What to work on -> Only the lines below from the one with "Brooks Ghost 15" through the one with "Aplique de Forja 0195-T" are to be written out, exactly and without any images.

Recorded information ->
· · · · ·
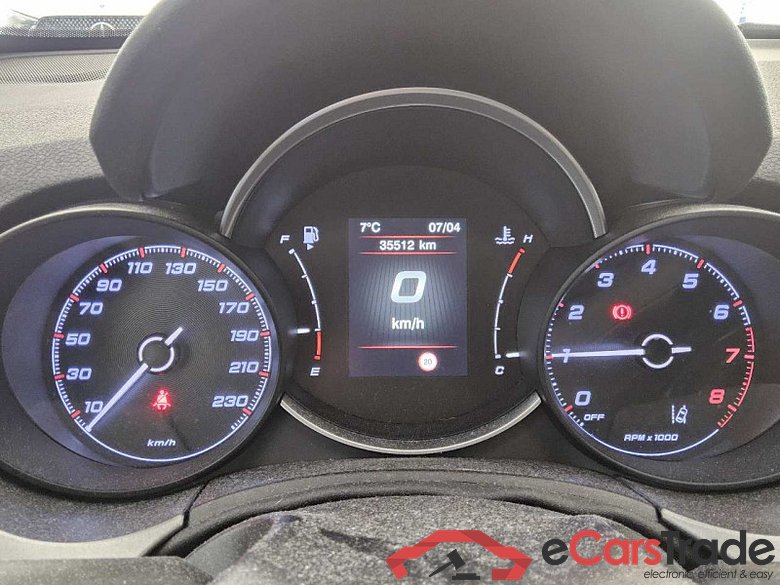 Fiat 500X (334)(2014->) DE - SUV5 1.0 GSE EU6d, Sport 4x2 (EURO 6d), (Facelift 2) 2020 - 2022 #6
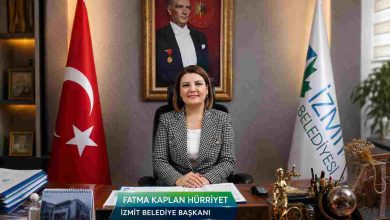 Fatma Başkan UCLG Dünya Kongresine katılıyor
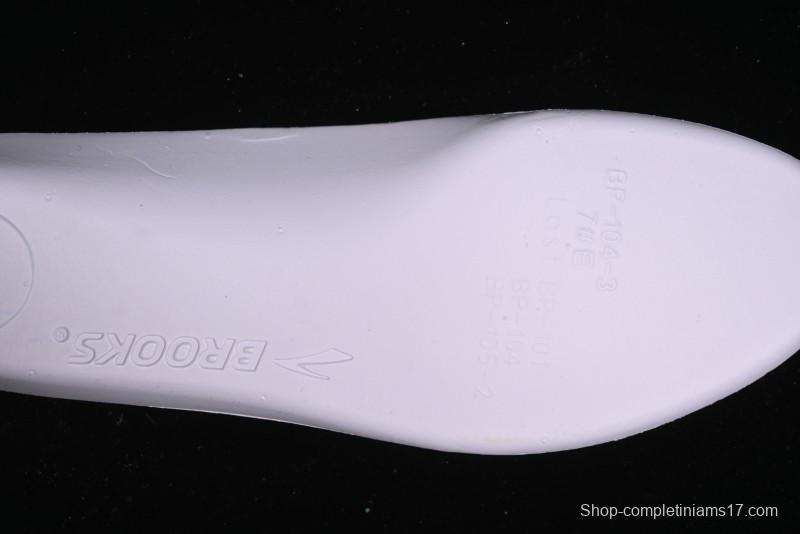 Brooks Ghost 15 Running Shoes with DNA LOFT V2 Cushioning and Breathable Air Mesh - 1203801B079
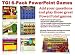 TGI 6-pack Powerpoint Quiz Show Games Vol. 1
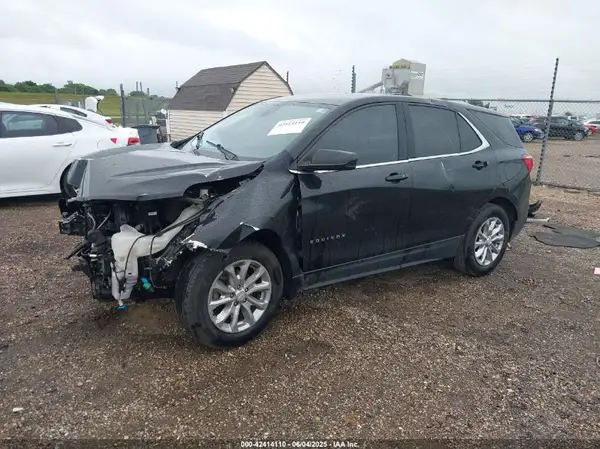 3GNAXJEV6LL180111 2020 CHEVROLET EQUINOX - Image 2
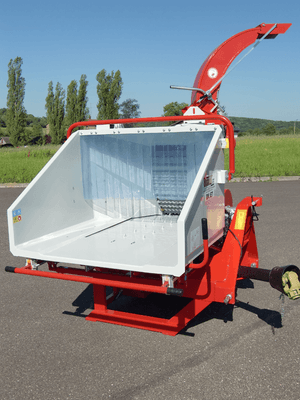 Matériel forestier - Broyeurs de végétaux - Broyeur composteur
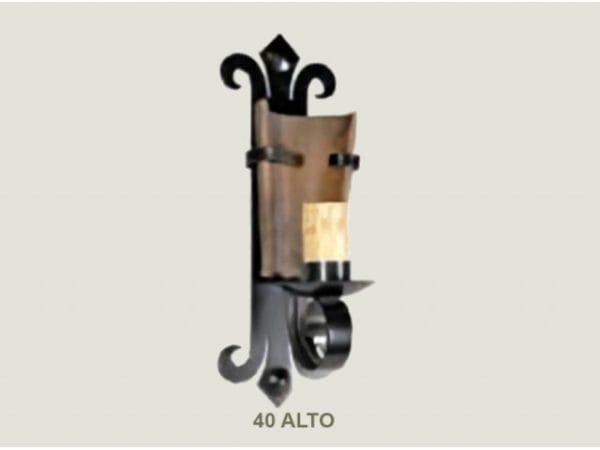 Aplique de Forja 0195-T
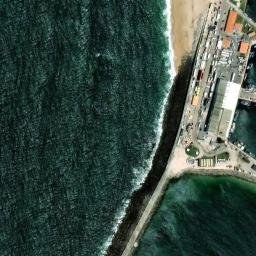 Satellite imagery of Castelo da Póvoa, PT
· · · · ·
Response ->
 Brooks Ghost 15 Running Shoes with DNA LOFT V2 Cushioning and Breathable Air Mesh - 1203801B079
 TGI 6-pack Powerpoint Quiz Show Games Vol. 1
 3GNAXJEV6LL180111 2020 CHEVROLET EQUINOX - Image 2
 Matériel forestier - Broyeurs de végétaux - Broyeur composteur
 Aplique de Forja 0195-T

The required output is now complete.